Book Summary of Taleb’s Antifragile
The opposite of fragility isn’t robustness, but antifragility. This post summarizes one of my all-time favorite investing books.
Nassim Taleb is a polarizing guy. He gets in Twitter fights, eats a lot of squid ink pasta, but also has many fans. I enjoy his writing and, among all his books, think Antifragile is the most complete description of his philosophy on life and markets. Here are my main takeaways:
- The opposite of fragility isn’t robustness, but antifragility. Fragile things (fine china, portfolios only invested in a single position, a “why me” mentality) easily break. Robust things (a piece of metal, broadly diversified portfolios, stoicism) endure change. Antifragile things (options, a “failure leads to growth” mentality) benefit from volatility and change. Fragility implies you’ve got more to lose than to gain. Antifragility implies you’ve got more to gain than to lose.

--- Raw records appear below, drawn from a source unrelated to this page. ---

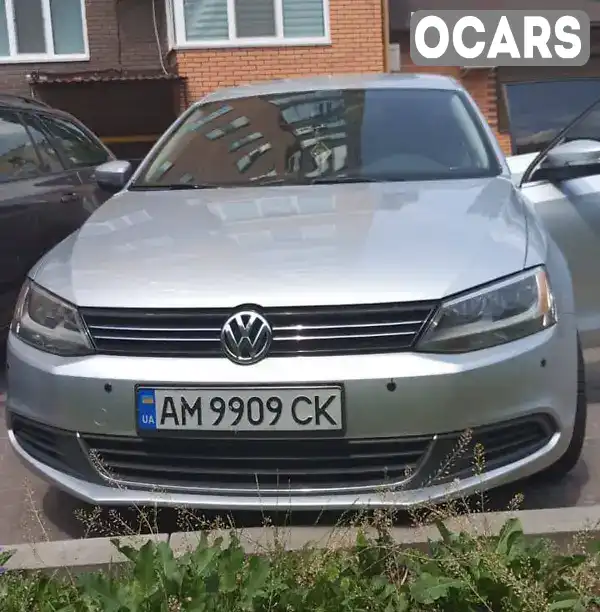 Седан Volkswagen Jetta 2014 1.8 л. Автомат обл. Житомирская, Житомир - Фото 1/8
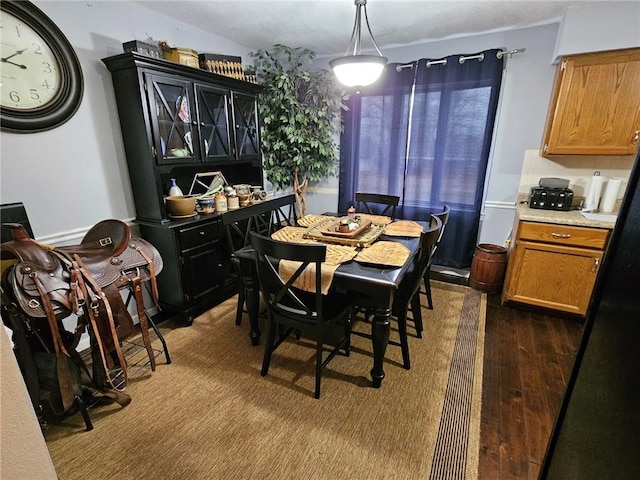 dining space with dark wood-type flooring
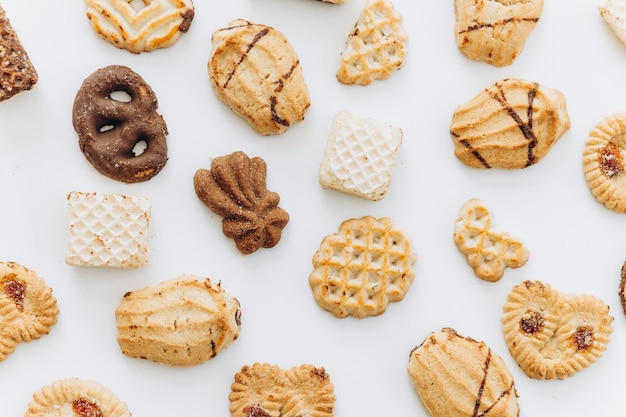 Vista dall'alto diversi cookie sul piano del tavolo Disposizione piatta di vari cookie su sfondo bianco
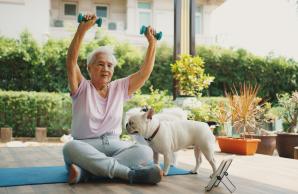 Woman working out outside with her dog.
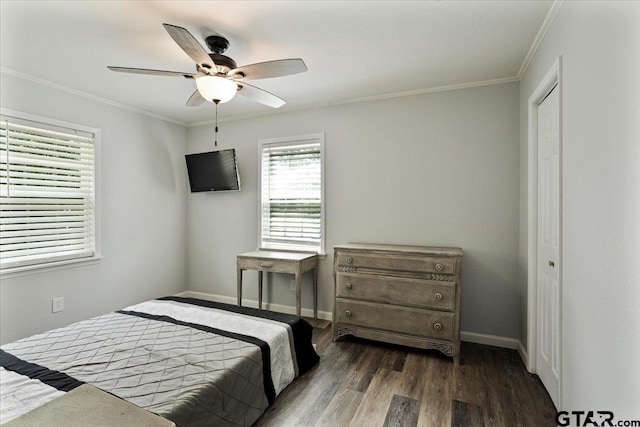 3268 Farm Rd Unit 1487, Bogata, TX 75417 - bedroom with dark wood-style flooring, ornamental molding, and ceiling fan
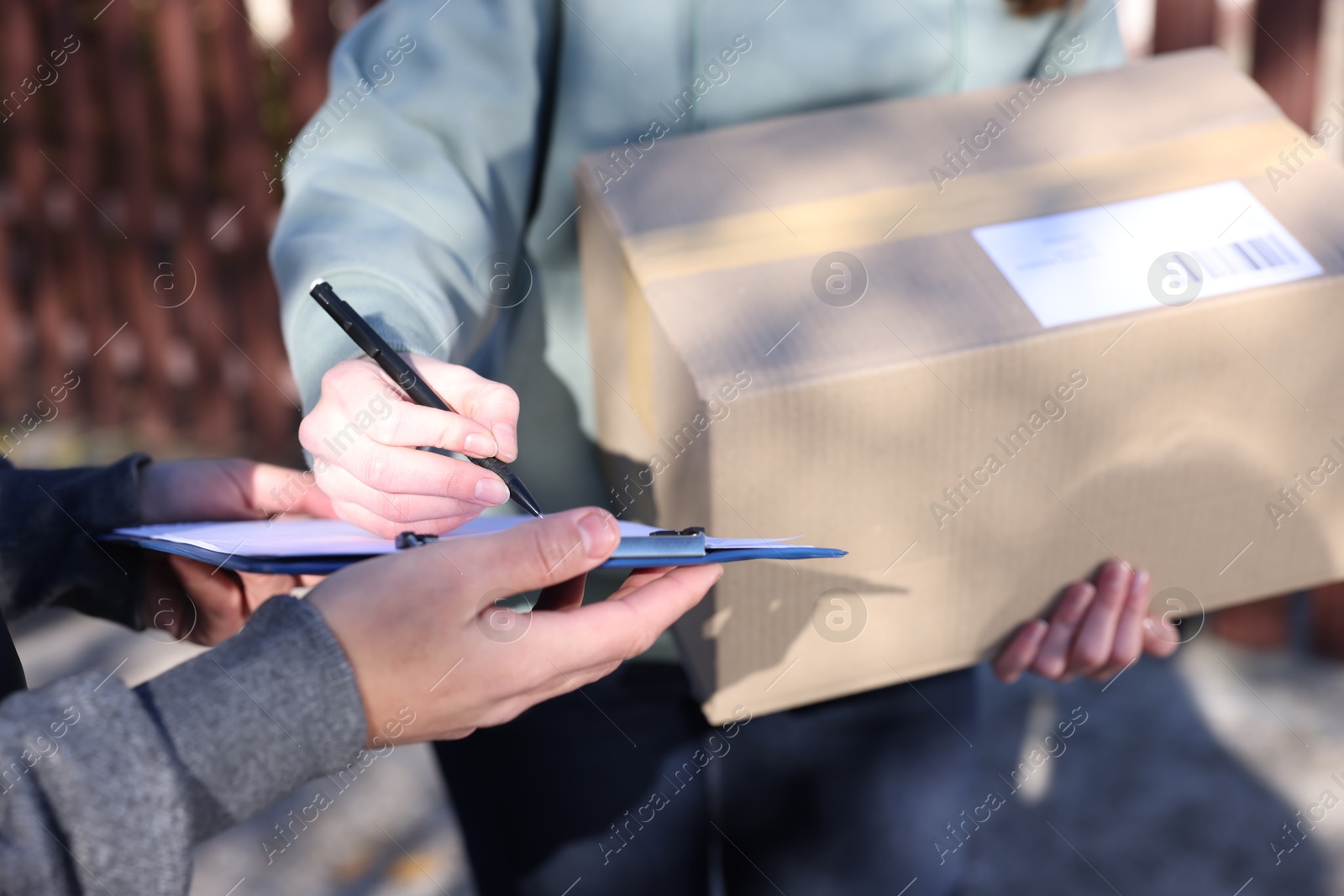 Photo of Woman signing papers while receiving parcel from postman outdoors, closeup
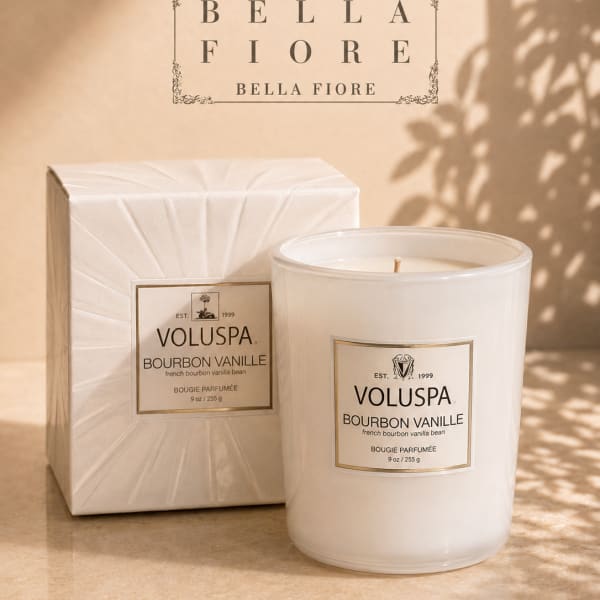 White scented candle with matching box on a beige surface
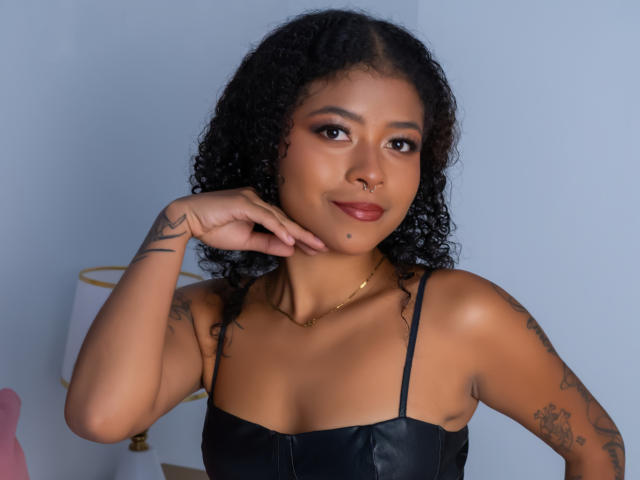 SaraTonson with curly black hair, tan skin, nose ring, and tattoos, wearing a black leather top, touching her chin, smiling with red lipstick. Her tits are small.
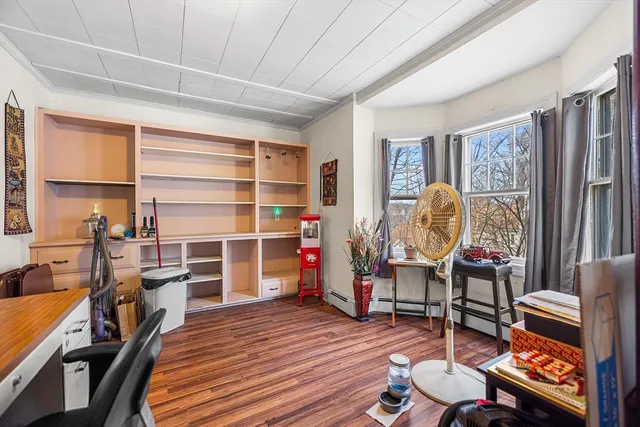 a room with furniture a rug and a window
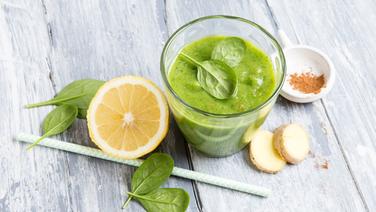 Ein Glas mit grünem Smoothie steht auf einem Tisch. Daneben liegt verstreut Spinatblätter, eine Zitronenhälfte, Ingwerscheiben und ein Schälchen Zimt. © NDR Foto: Claudia Timmann
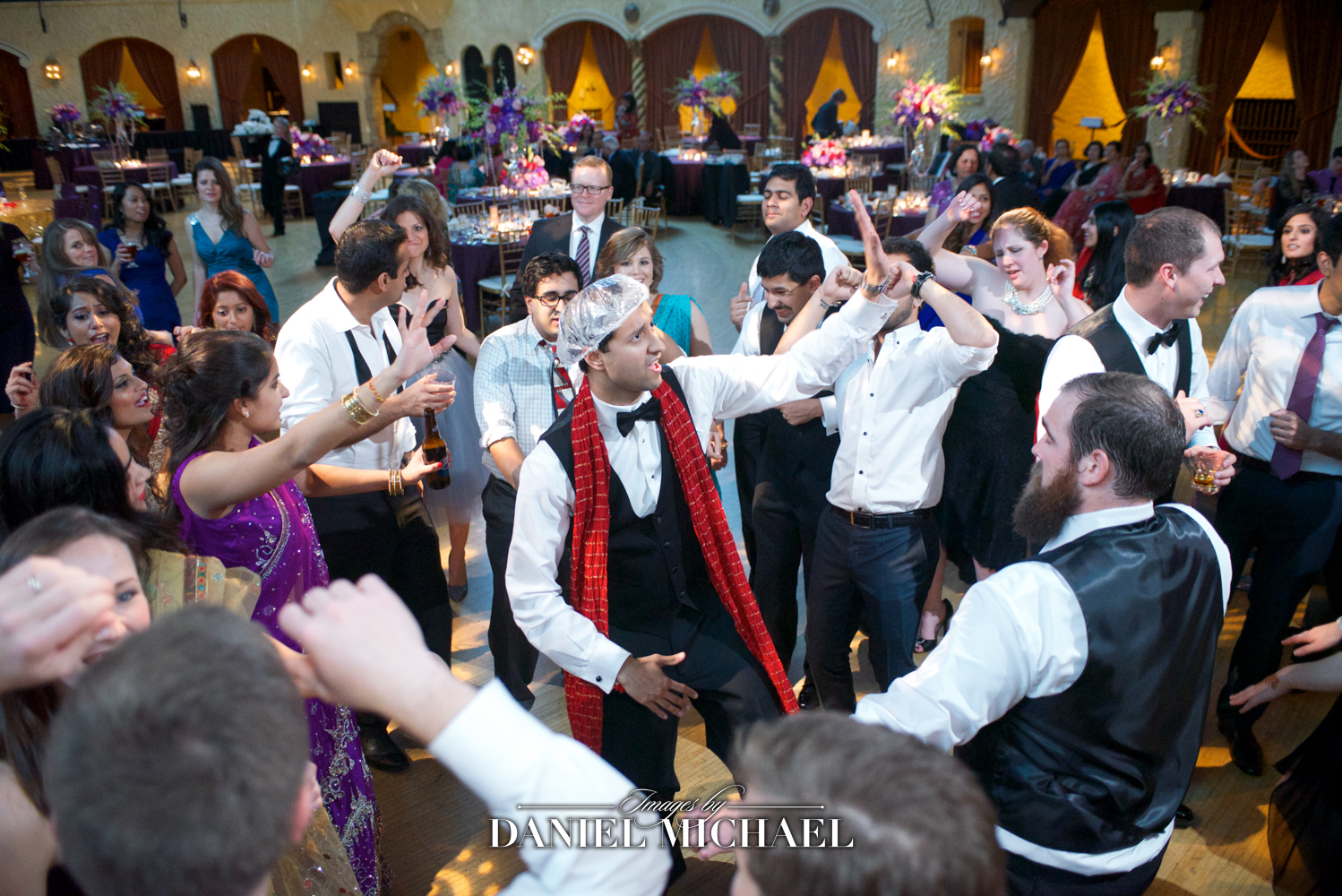 Candid photography by a South Asian wedding photographer during a lively reception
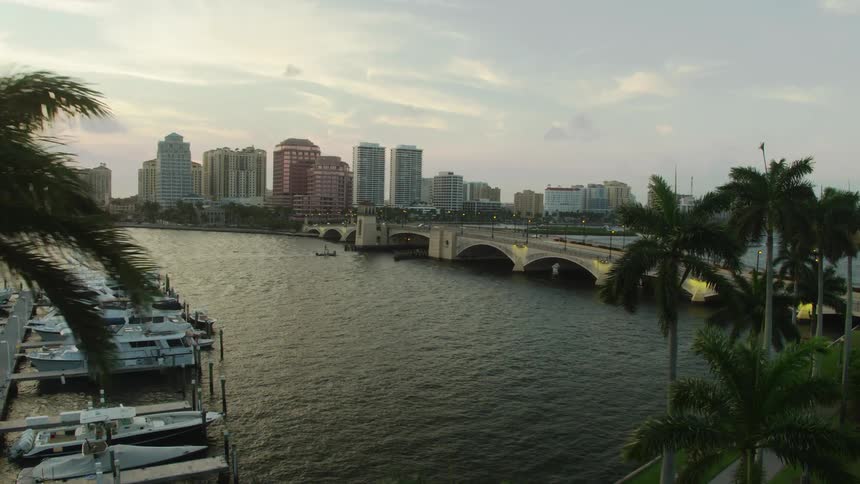 A lake with boats and a city skyline behind it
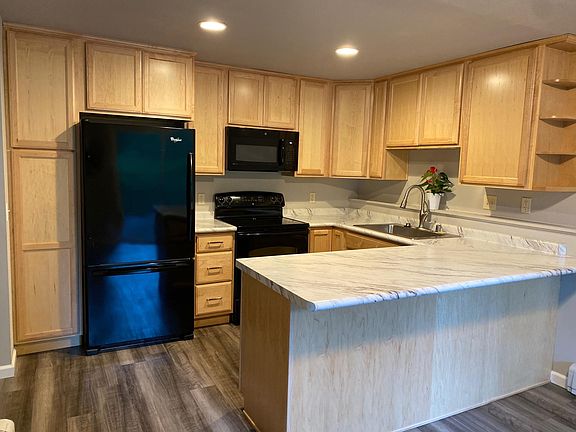 Newly remodeled kitchen with solid wood soft close cabinets and luxury vinyl plank flooring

- Suppressing randomness and volatility weakens complex systems. Park rangers light small fires to prevent flammable material from building up in a forest. Hidden vulnerabilities tend to accumulate at corporations after long periods without setbacks. A lack of market volatility also tends to encourage excessive risk taking, as evidenced by the 30:1 leverage ratio of Lehman Brothers in 2008.
- Absence of evidence isn’t evidence of absence. This where the title of Taleb’s The Black Swan comes from. Europeans used to think all swans were white. Then in 1697 two Dutch explorers discovered black swans in Australia. Only seeing white swans didn’t mean all swans were white. Another example: a turkey will mistake being well fed all year for evidence of a great life, only to be surprised a few weeks before Thanksgiving. Asking “what’s the next black swan event?” ignores their main feature: black swans are not predictable.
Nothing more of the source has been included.